* [WHAT TO WORK ON]: Give again only what runs from the line with "Dream In Budapest-2br Retreat On Kiraly St" to the final line of the entries below, exactly as written and without pictures.

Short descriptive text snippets
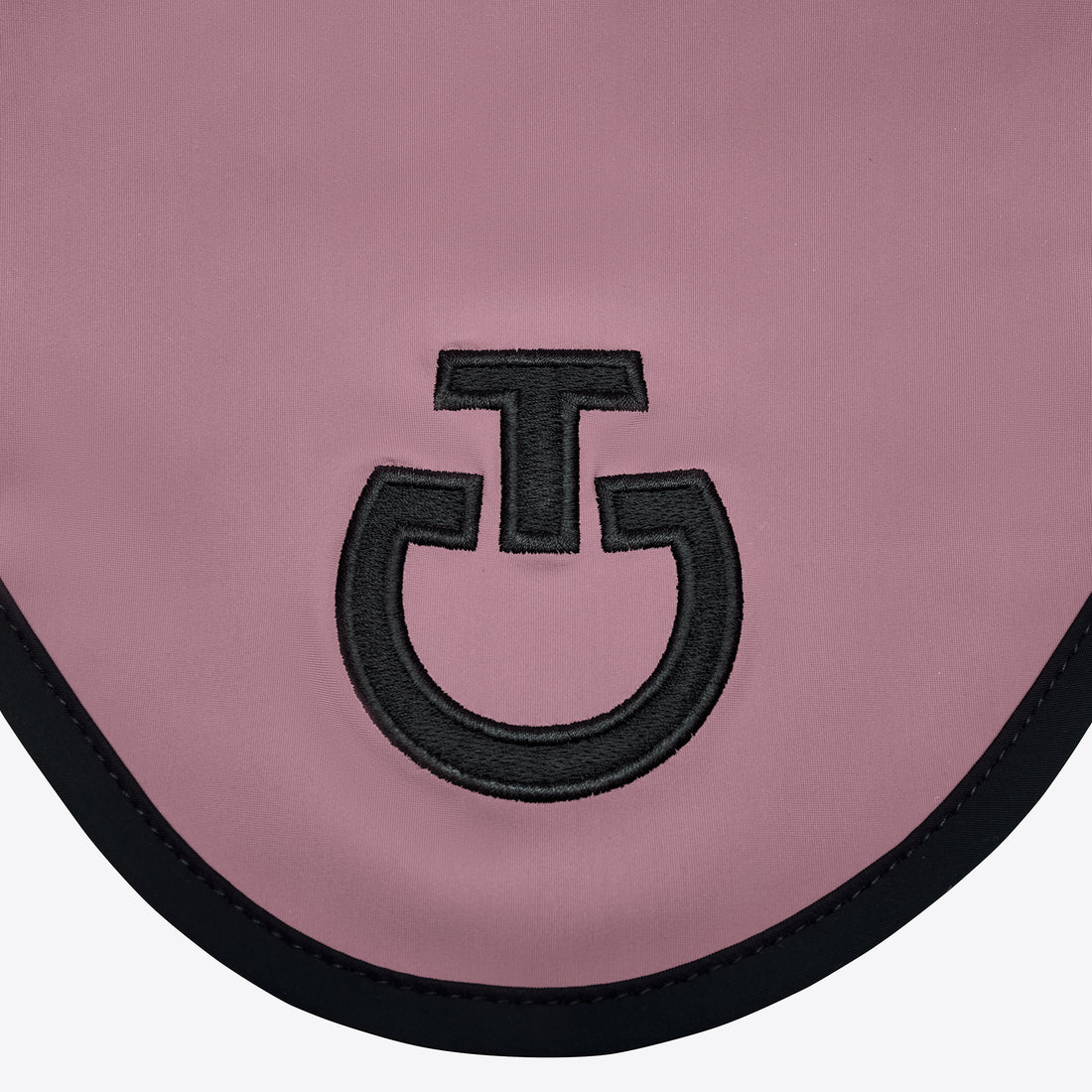 Experience the perfect blend of style and comfort with the Cavalleria Toscana Lightweight Jersey Stripe Earnet. Crafted from breathable, lightweight jersey fabric, this ear net ensures your horse stays cool and focused during every ride. Its sleek striped design adds a touch of elegance while providing effective protection against insects and distractions. Elevate your equestrian look with this essential accessory that combines functionality with sophisticated style.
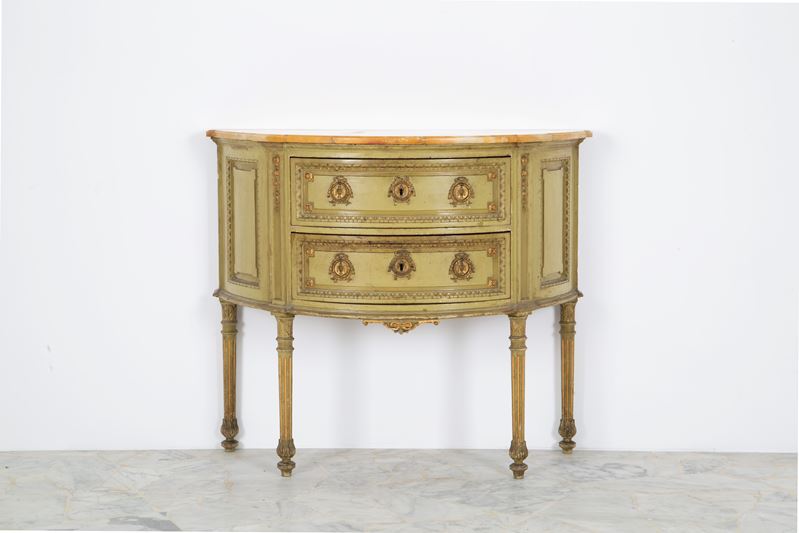 Comò a mezzaluna, legno laccato con piano in marmo giallo e guarnizioni in bronzo dorato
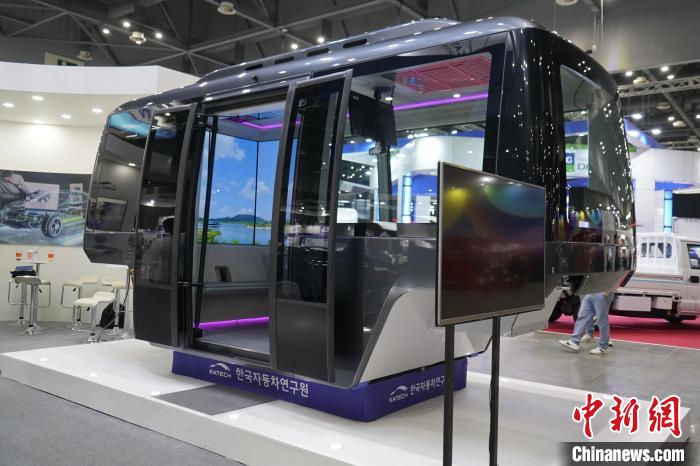 圖為展會(huì)上展示的無(wú)人駕駛移動(dòng)出行工具?！⑿?攝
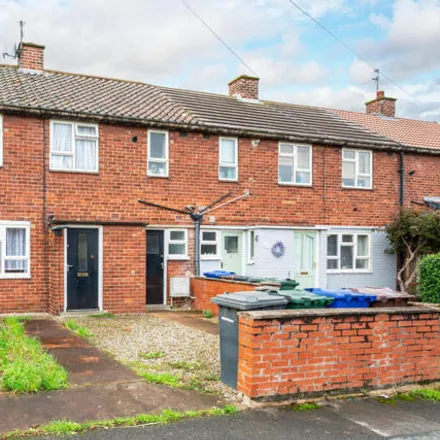 Buy this 3 bed townhouse on Lowther Drive in Selby, YO8 8DP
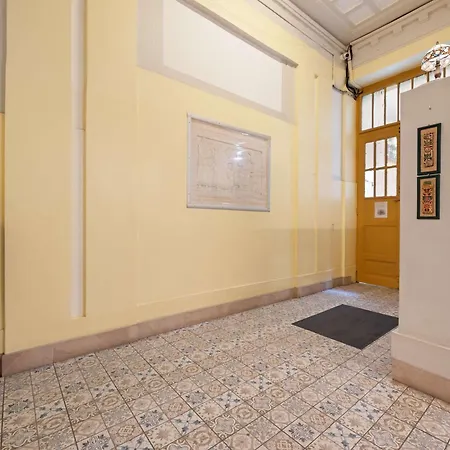 Dream In Budapest-2br Retreat On Kiraly St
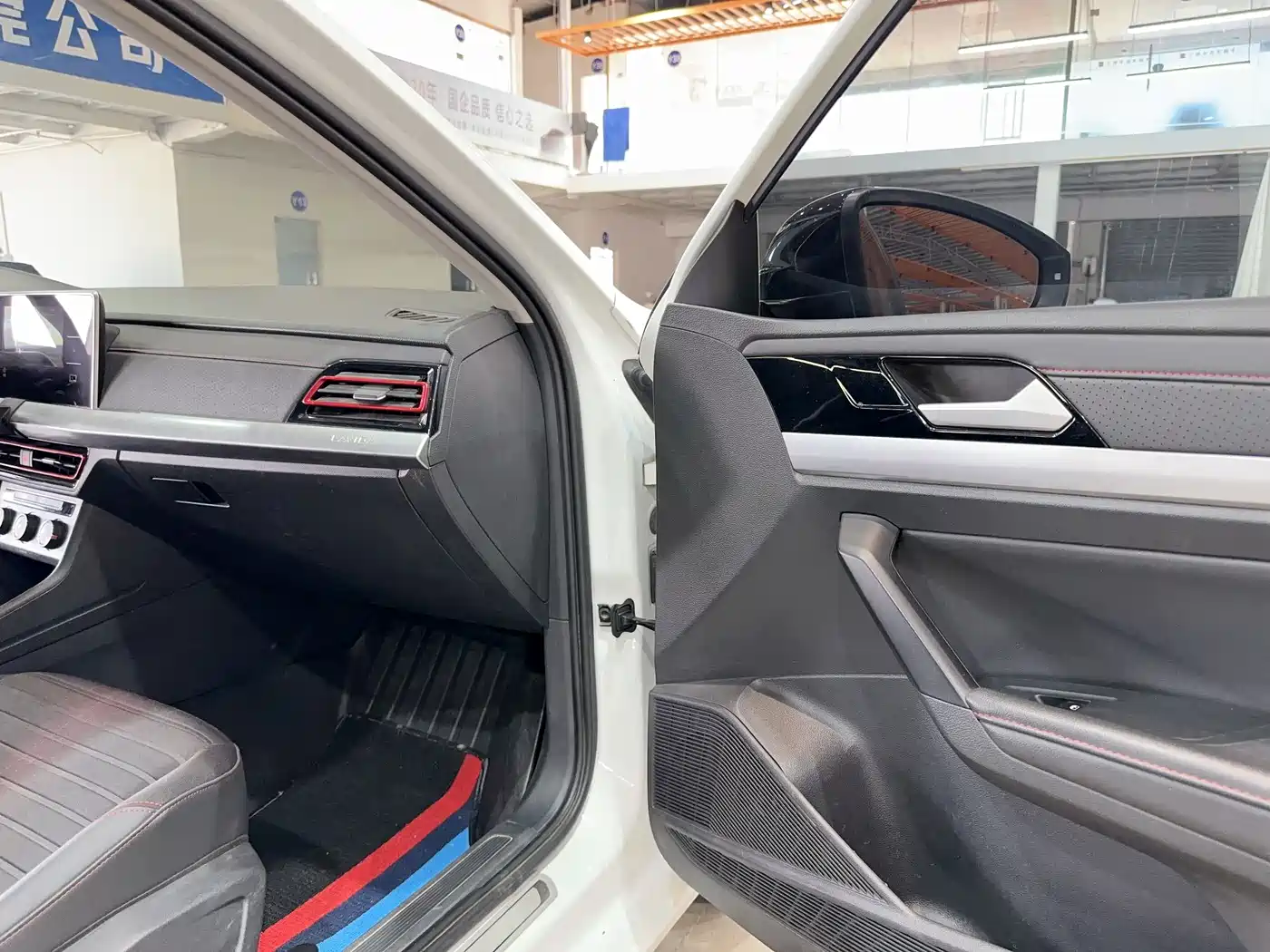 Volkswagen Lavida 2023 280TSI DSG Starlight Comfort Edition фото 24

* [WRITTEN SOLUTION]:
 Dream In Budapest-2br Retreat On Kiraly St
 Volkswagen Lavida 2023 280TSI DSG Starlight Comfort Edition фото 24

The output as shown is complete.